Provided data —
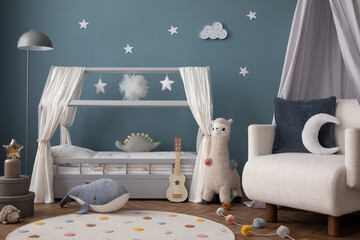 Warm and cozy child room interior with cozy bed, plush lama, white armchair, round rug, blue wall,...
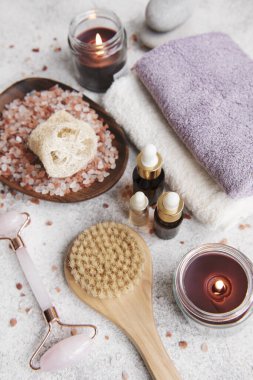 Güzel bir spa rahatlama konsepti. Vücut masajı için fırça, havlular, mumlar ve gri taş arka planda deniz tuzu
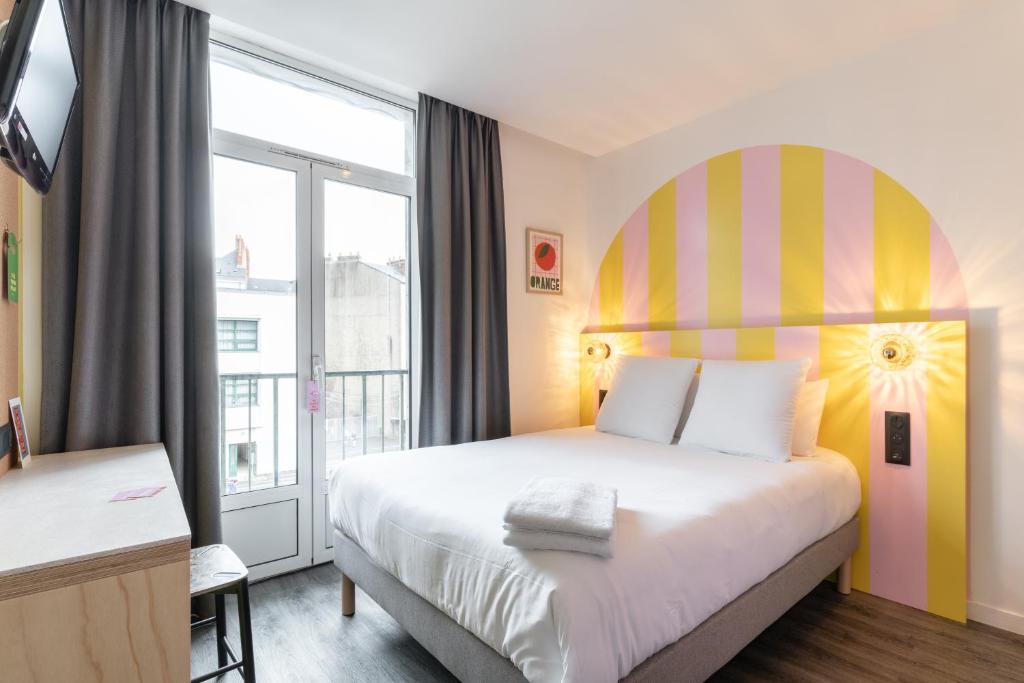 南特DEMAIN Hôtel & Conciergerie的酒店客房设有一张床和一个大窗户
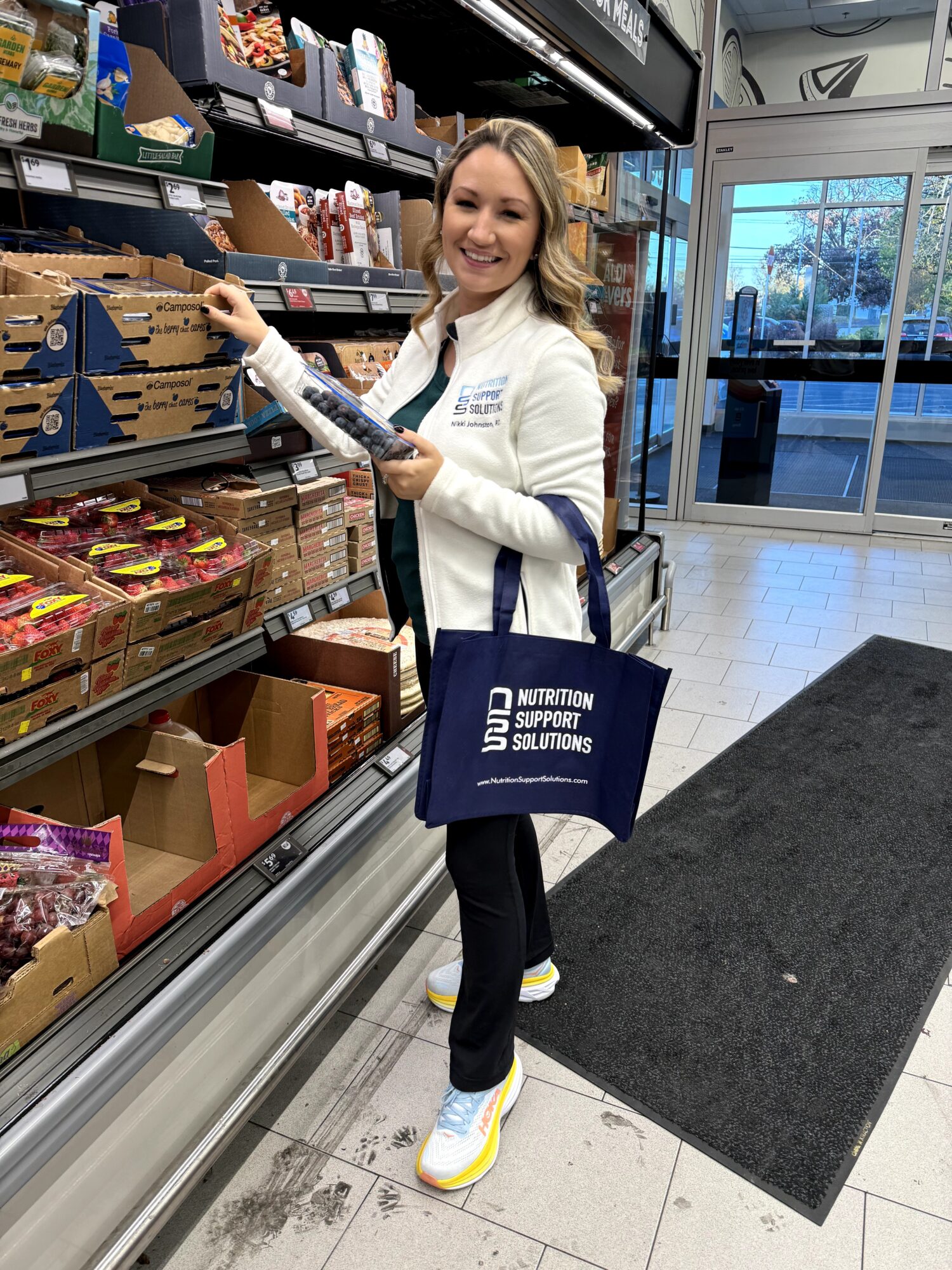 Smiling woman shopping in grocery store aisle, holding a product, with shelves of food items behind her.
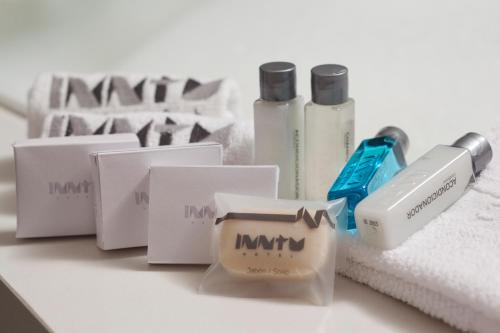 a group of products sitting on top of a counter at Inntu Hotel in Medellín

What this task involves —
Could you reproduce every entry exactly, leaving out the pictures?

Task response —
 Warm and cozy child room interior with cozy bed, plush lama, white armchair, round rug, blue wall,...
 Güzel bir spa rahatlama konsepti. Vücut masajı için fırça, havlular, mumlar ve gri taş arka planda deniz tuzu
 南特DEMAIN Hôtel & Conciergerie的酒店客房设有一张床和一个大窗户
 Smiling woman shopping in grocery store aisle, holding a product, with shelves of food items behind her.
 a group of products sitting on top of a counter at Inntu Hotel in Medellín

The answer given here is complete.